Les petits noms des politiques – dont les affublent autant leurs pires ennemis que leurs si loyaux « amis » – sont souvent cruels et moqueurs. Et la métaphore alimentaire (plus particulièrement les produits laitiers) demeure un registre privilégié pour y puiser moult sobriquets.
On se souvient par exemple que nombre de militants de gauche avaient eux-mêmes surnommé François Hollande « Flamby » : substance gélatineuse qui s’étale quand on la démoule, qui tremble quand on la secoue… Par ce surnom, synonyme de « gauche molle », la radicalité comme la témérité de l’ancien Premier secrétaire du PS étaient clairement mises en cause, sa posture de chef des socialistes plus ou moins contestée.
Hollande n’est pas le seul a avoir recu ce genre de sobriquet, et le rayon frais est toujours en service pour tous les bords et partis. Hervé Morin qui s’y était lui aussi vu ranger lors de sa campagne en vue des élections présidentielles de 2012. Ses opposants eurent en effet l’idée de le surnommer « le yaourt »… parce qu’il était comme lui à 0% ! (d’intentions de vote dans les sondages)
Le yaourt n’est pas seulement un produit allégé, c’est surtout une pâte molle et blanche, sans couleur, sans saveur, inconsistante. C’est donc moins la position d’Hervé Morin dans les sondages qui est ici réellement visée, que son charisme et sa prestance. Alors, faisant fi des intentions de vote, reposons la question : Hervé Morin a-t-il la carrure d’un présidentiable, ou est-il un yaourt ?
Pour y répondre, revenons là où tout a commencé : sa déclaration de candidature à l’élection présidentielle lors d’une conférence de presse le dimanche 27 novembre 2011 à Berville-sur-Mer dans l’Eure (voir la vidéo ci-dessous). Pas besoin de visionner le discours en entier, la 1ere minute suffira. Dans tout discours, les premières minutes sont fondamentales pour prendre en main le public. Si vous ratez votre entrée, il vous sera très difficile de revenir sur cette première mauvaise impression.
Hélas pour lui, dans l’extrait vidéo ci-dessus, Morin accumule dès le début plusieurs erreurs typiques d’un orateur débutant. Voici les 3 erreurs principales pourtant faciles à éviter :
– Hervé Morin s’agrippe à son pupitre comme un capitaine à sa roue de gouvernail. Seulement, ce n’est pas le navire qui tangue mais le capitaine lui-même, balançant son corps de droite à gauche. Il change sans cesse de jambe d’appui, il semble instable. A cela s’ajoute le fait que tenir ainsi son support le conduit à se voûter, à arrondir son dos, et à perdre en « verticalité », donc en impact. Cette erreur de posture est fréquente chez tous les orateurs ou conférenciers se servant d’un pupitre : c’est pourquoi il faut apprendre à se détacher de celui-ci, autant physiquement que symboliquement, afin de déployer tout son corps et imposer sa stature.

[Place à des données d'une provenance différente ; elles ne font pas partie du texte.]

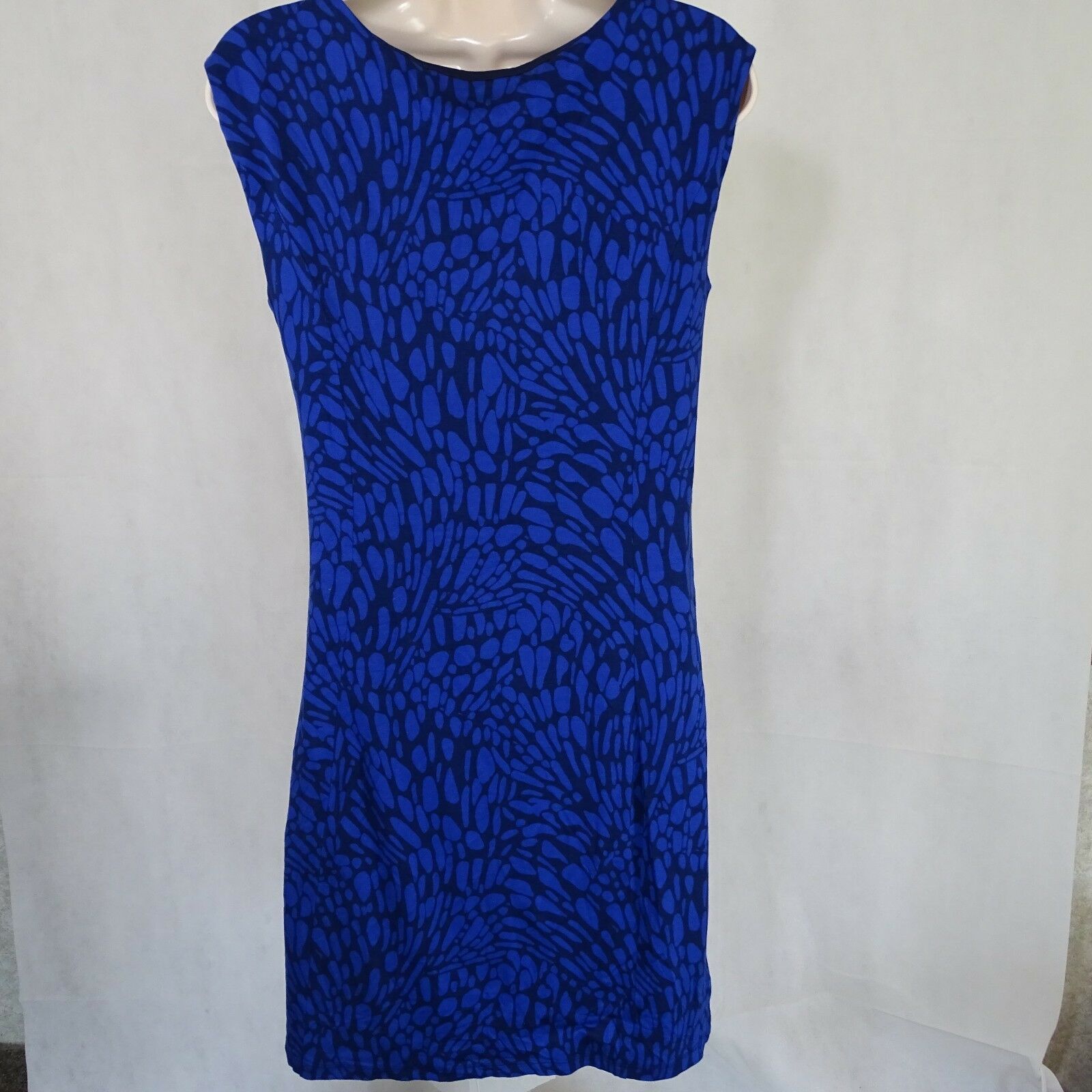 Ann Taylor Loft Sheath Dress Women Size S Blue Black Sleeveless Stretch ...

– Ses mains relâchent tout de même le pupitre de temps à autres, mais pour se perdre dans une gestuelle évanescente. L’ouverture des bras est un geste classique, qui exprime à la fois l’accueil et la prise en compte de tout l’auditoire – mais ici Morin est bien trop fugace, et contrecarre quasiment à chaque fois cet élan du haut du corps avec un mouvement de la tête vers le bas (voir par exemple à la 40e seconde)…
– Morin penche en effet fréquemment sa tête, car sa plus grosse erreur demeure son incapacité à se passer de ses notes ! Il les cherche constamment du regard, dès le début, alors que ses bons mots sur sa « Normandie natale » devraient lui venir naturellement – au moins pour sembler sincères… Moins suivre ses notes lui aurait conféré plus de spontanéité. Le comble est atteint lorsqu’il formule enfin sa déclaration officielle de candidature (les secondes autour de la 1ere minute) : il baisse les yeux au moment même où il prononce les mots « présidence de la république », et brise alors le contact visuel qu’il aurait absolument du maintenir avec son auditoire à ce moment crucial !
On peut encore rajouter de nombreux petits défauts et défaillances – tels sa langue qui fourche dès ses premiers mots (« mes sers_jamis » pour « mes chers amis », à la 8e seconde)…
Ce qui est sûr, c’est que Morin n’apparaît pas sous son meilleur jour, peu stable et peu éloquent, alors que cette conférence de déclaration de candidature, peut-être l’un des moments les plus importants dans un parcours politique, aurait du être la mise en scène de toute sa vigueur, de tout son courage et toute sa détermination.
Peu assuré au départ même de la course, il ne pouvait que difficilement se redresser par la suite et rattraper son retard. Normal qu’il soit à la traîne dans les sondages.